Laughing, we moved on and out into the open plains partially submerged in water thanks to recent storms. Along the way, Gord pointed out wolf tracks, hawks swooping across the sky, and an old bison skull picked clean. Then he stopped and motioned for us all to be quiet. He pointed out into the field.
From the protection of the forest came several bison bounding across the plains. I struggled to take photos from my horse, but kept laughing and falling sideways. I had expected the bison to charge forth in their herd; instead, they each bounced their way along like little rabbits. The whole thing looked ridiculous.
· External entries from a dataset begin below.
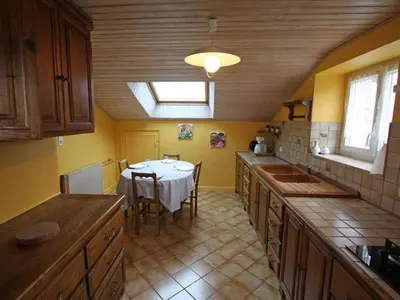 Cuisine ou kitchenette dans l'établissement GITE LE PETIT SAUCELEY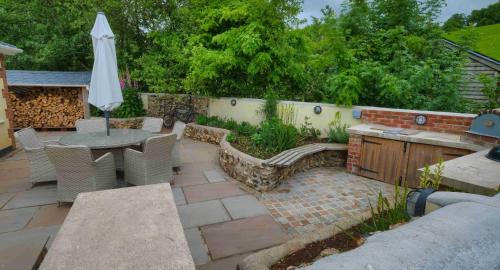 Sidmouth Bed & Breakfast | Mincombe Barn Bed & Breakfast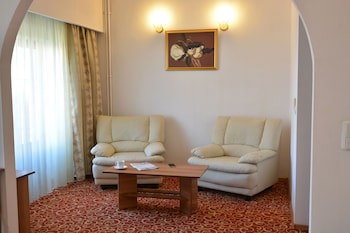 Central Hotel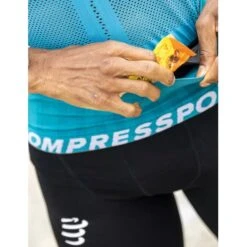 Compressport Free Hardloopriem - Mosaic Blue/magnet -Fiets Verkoop compressport free belt mosaic blue magnet 3 1558713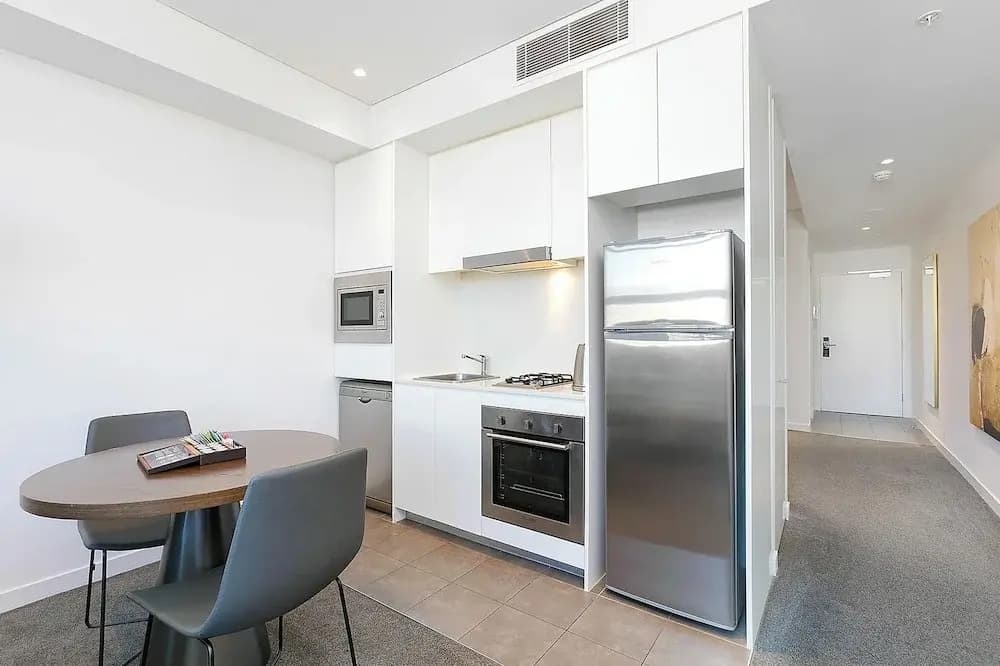 Kozyguru | Chatswood | Convenient 1 Bed Studio Apt - photo 5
When we reached our campsite about six hours later, we unloaded our gear and started setting up. Becky, our resident chef, began expertly unloading the camp kitchen and pulling out Tupperware containers filled with food and appliances. A fire was started. Cans of Old Style Pilsner were popped open, and we pulled our chairs around for a rest. My inner thighs were on fire from having rode so far.
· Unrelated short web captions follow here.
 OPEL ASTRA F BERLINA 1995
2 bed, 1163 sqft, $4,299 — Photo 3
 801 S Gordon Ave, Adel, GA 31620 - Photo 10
I remember thinking how lucky our hosts were, for this to be part of their routine. Your life can be somebody else’s adventure.
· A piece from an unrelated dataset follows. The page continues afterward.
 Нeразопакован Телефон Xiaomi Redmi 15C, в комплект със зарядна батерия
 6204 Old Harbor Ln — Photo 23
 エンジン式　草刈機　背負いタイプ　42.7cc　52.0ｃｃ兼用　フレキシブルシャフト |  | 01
Gord and Glenn joked about the time they tricked some burly male tree planters.
“We told them if they wore lipstick, it’d keep the bugs away,” said Glenn. “So they did.”
My one big mistake of the trip was thinking a thin pair of long leggings would fend back the mosquito attacks. Every time I had looked down during my ride, another hoard of them had attached themselves to my leg. By the time dinner was served, I had more than 50 bites scarring calves and thighs. I learned why cowboys wear jeans.
As the sun set and the moon began its ascent, we finished our meal of stew and cobbler and started making bedtime preparations. The journalists eventually headed towards the tipi.
“I want to sleep out here, but only if you guys are nearby,” I said to the guides.
Nobody argued. I pulled up a cot and positioned it next to the wagon, where Glenn had wrapped himself up in a tarp underneath. Becky and Kristen had laid out their horse blankets next to the wagon as well, huddling up together for warmth. Even Gord’s young son seemed to have no problem with the idea of sleeping out in the wild.
I cocooned myself in my sleeping bag with my flashlight tucked into my armpit. I readied myself for a night of tossing and turning as I lay on my back looking up at the stars. Sleep has never been my strongpoint. I wondered at the fireflies that drifted by, not having experienced them on the east coast. Coyotes howled above the crackling of the fire.
I fought to stay awake, wanting to take it all in as the fire’s final moments popped and crackled. I fell asleep in minutes.
I awoke well after the fire died out, just before dawn. A soft mist had snaked its way across the plains, and had draped around the horses off in the field. One of the horses lay silent in the grass, only its head visible above the fog.
I fell asleep again.
The next time I awoke, Jackie was leading Applejack to the edge of the campsite. She looked alarmed.
“What’s going on?” I whispered.
“There were wolves circling the site,” she said. “The horses got nervous.”
I jumped out of bed as Jackie went to wake Gord up, and we each started scouting the area. There was nothing to worry about – I simply had never seen wolves before. Off in the distance, three giant grey dogs disappeared into the forest. They were close enough for me to see the markings on their fur.
I stretched my arms over my head, extended my fingers to the sky, and yawned. I hadn’t felt so well rested in weeks.